Gold futures traded lower on Monday, weighed down by a climb in U.S. stocks and strength in the dollar, as traders eyed rapidly moving developments in the coronavirus pandemic and President Donald Trump’s extension of guidelines on measures meant to mitigate the spread of the virus.

“Gold’s supply chain for the physical metal was disrupted over the last 10-days, but that has now settled and taken away any momentum for higher prices,” said Edward Moya, senior market analyst at Oanda.

Read:Gold suffers pricing issues as coronavirus shuts down supply sources

Gold’s ‘outlook remains bullish as world adjusts to never-ending promises of monetary easing, but the next rally may be more of an escalator ride than elevator one.’

Edward Moya, Oanda

The precious metal’s “outlook remains bullish as world adjusts to never-ending promises of monetary easing, but the next rally may be more of an escalator ride than elevator one,” he said in a market update.

Gold for June delivery GCM20, -0.67% on Comex, which is now the most-active contract, fell by $10, or 0.6%, at $1,644.10 an ounce. Prices for the April contract, which is still among the more active, had climbed by 9.5% last week for the biggest weekly rise since September 2008, according to FactSet data.

May silver SIK20, -1.92%, meanwhile, dropped 21.4 cents, or 1.5%, to $14.32 an ounce, pulling back after posting a weekly climb of more than 17%—the largest weekly rise since April 1987.

Markets were digesting a Sunday news briefing where Trump extended social-distancing guidelines through April 30. The president had previously indicated a desire to begin lifting restrictions by Easter Sunday, on April 12.

Meanwhile, the U.S. dollar also was creating some friction for bullion prices. The buck was up 0.70% against a basket of a half-dozen currency rivals, as measured by the ICE U.S. Dollar Index DXY, +0.91%. A stronger dollar can be a weight on commodities priced in the unit, making them more expensive to users of other currencies.
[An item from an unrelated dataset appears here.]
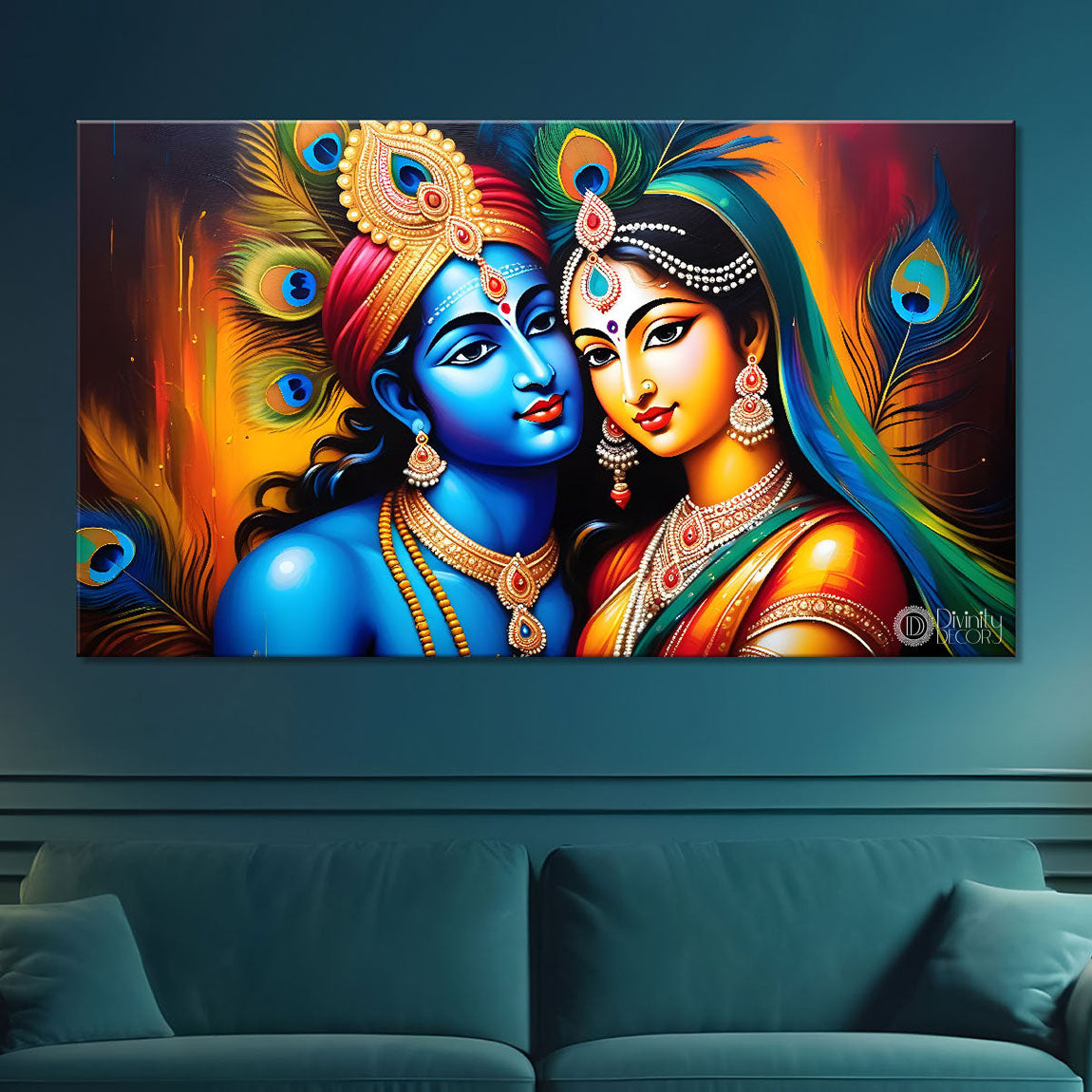 Blue face of Krishna and Radha with yellow background painting Canvas Painting - Design - Krishna-142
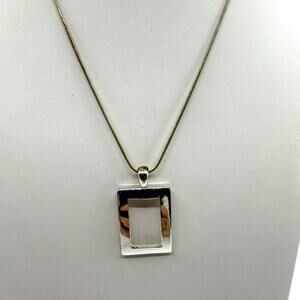 Minimalist Silver Tone Open Rectangle Pendant Necklace Geometric Modern Gift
U.S. benchmark stock indexes also traded higher in Monday dealings.

“We are seeing a risk on day, almost a return to normal in a way as US equity markets are higher across most sectors,” said Jeff Wright, executive vice president of GoldMining Inc. “I do see this as a positive towards consolidation above the $1600 level” for gold.

Looking ahead, this week may offer “possible shocking economic data to boost safe haven demand,” he told MarketWatch. “Consumer confidence on Tuesday will be very bad, but it will get worse next time. Initial jobless claims on Thursday should [provide] another shocking number—my guess is well above [the] 3.28 million [claims] last week.”

Among other metals traded on Comex, May copper HGK20, -0.55% lost 0.9% to $2.1535 a pound. July platinum PLN20, -1.73% shed 2.6% to $721.90 an ounce and June palladium PAM20, +0.18% traded at $2,161 an ounce, down 1.6%.